An experiment with melting ice	At the liquid/solid transition of H₂O, here is a simple experiment one can do at home. Place an ice cube on a small platform (an inverted mug) and stretch a wire across it. Attach weights to the ends of the wire, letting the weights hang down on the sides of the platform. The wire creates high pressure on the ice cube -- not the whole ice cube, but the part just underneath the wire. This lowers the melting point of that ice to a value below 0^o C, and so the ice melts more readily (more readily than the rest of the ice cube, for which the melting point is still 0^o C). You'll see the wire sinking down into a groove in the ice. If you wait a while (20 or 30 minutes) you may see the ice re-freeze above the wire, so that the wire is embedded in solid ice, like King Arthur's sword in the stone. The wire keeps sinking down.
Molten iron in the earth's interior	Deep in the earth's interior temperatures get very high, say around 2000^o C. The earth's core is largely made of iron, which has a melting point of 1535^o C. But this is the melting point at atmospheric pressure. Deep in the interior matter is under high pressure because of the weight of the earth above it. This makes the melting point of iron higher than 1535^o C -- say, 1800^o C. Iron is still in an environment of temperature 2000^o C, a temperature higher than its melting point. So the iron is in a liquid state. This is the condition in what's called the "outer core" (from a depth of 2900 km below the surface down to a depth of about 4000 km). [For comparison, the distance down to the center of the earth is about 6400 km; this is the earth's radius.]

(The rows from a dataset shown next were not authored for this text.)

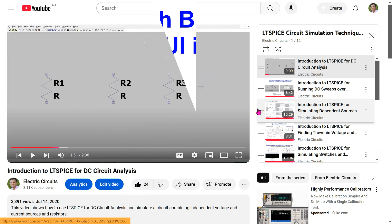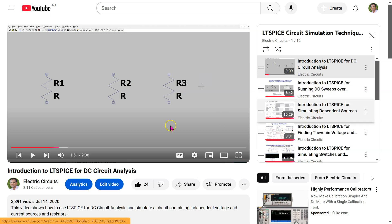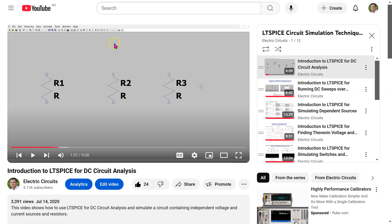There are many excellent LTSpice tutorials on YouTube, including on this channel. If you are trying to learn from these tutorials, it can be a bit annoying and confusing that the graphical user interface on the latest version of LTSpice does not match up with the legacy LTSpice graphical user interface.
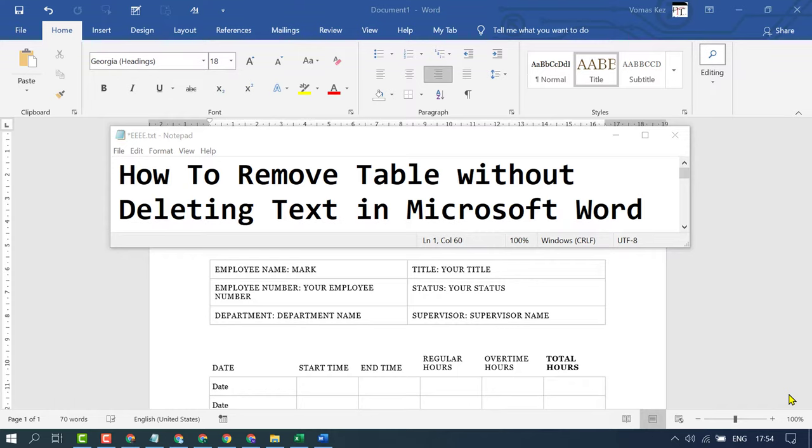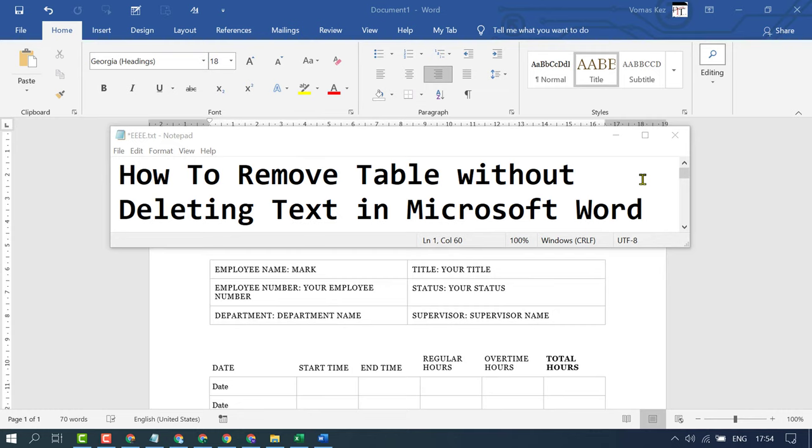In this video I'm going to show you how to remove a table without deleting text in Microsoft Word. If you need the text and want to remove and delete the table only, there is a simple method.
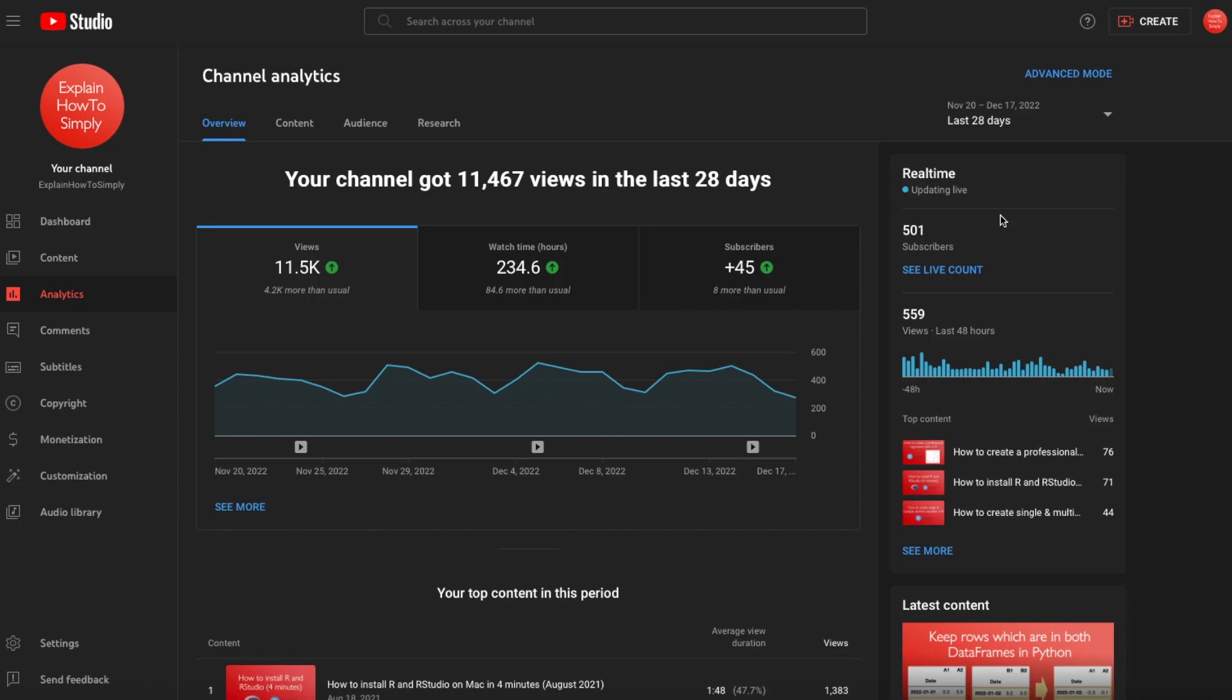Hello everyone, I hope you are all doing great. I'm very happy to announce that the YouTube channel Explain How To Simply reached 500 subscribers.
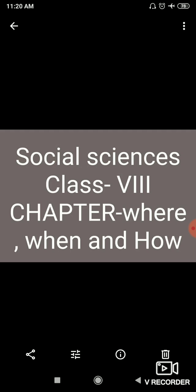So it is your first chapter of your history, name, where, when and how.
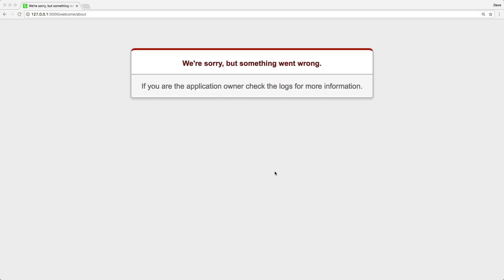So if you're designing a Rails application, one thing that you may often forget to do is to change the error page. And this is something that's really simple to change, and it can definitely go a long way instead of just displaying this generic error page to an end user.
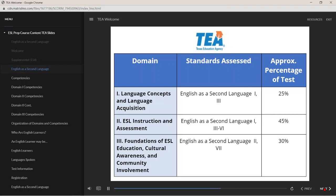You will notice the Texas Examinations of Educator Standards, or TExES, Program Preparation Manual, found on the test registration website, outlines seven educator standards, which may overlap and correspond to more than one domain. This course and the corresponding manual focus on the 10 competencies in which the standards are embedded. We will review the competency statements next, and the course itself will provide in-depth detail on each of their corresponding components.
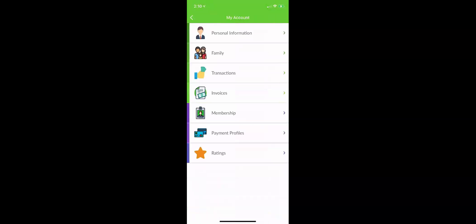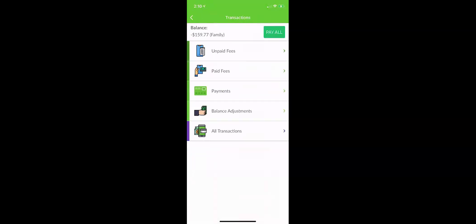Then you can click my transactions. You can see different screens: unpaid fees, your paid fees, payments you have made at your organization, any balance adjustments including credits or debits, and a tab for all of your transactions.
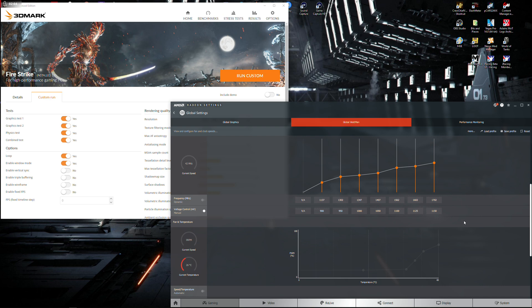This never happened before. It's been an amazing card. I've got nothing bad about the card at all. It's a brilliant card at 1440p with a FreeSync monitor. It is absolutely golden.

The solid core	If you go even deeper, closer to the center of the earth, the pressure is even higher. This makes the melting point of iron go even higher, say to 2200^o C. In this region the environmental temperature (assuming it's still 2000^o C) is below the melting point. Here the iron must be solid. This region is called the "inner core". Earth has a solid inner core, and a liquid outer core. Of course no one's ever been there. But scientists can learn a great deal about the earth's interior by studying seismic waves. In this way the molten outer core was discovered in 1906 by Richard Oldham. The inner core was discovered in 1930 by Inge Lehmann. .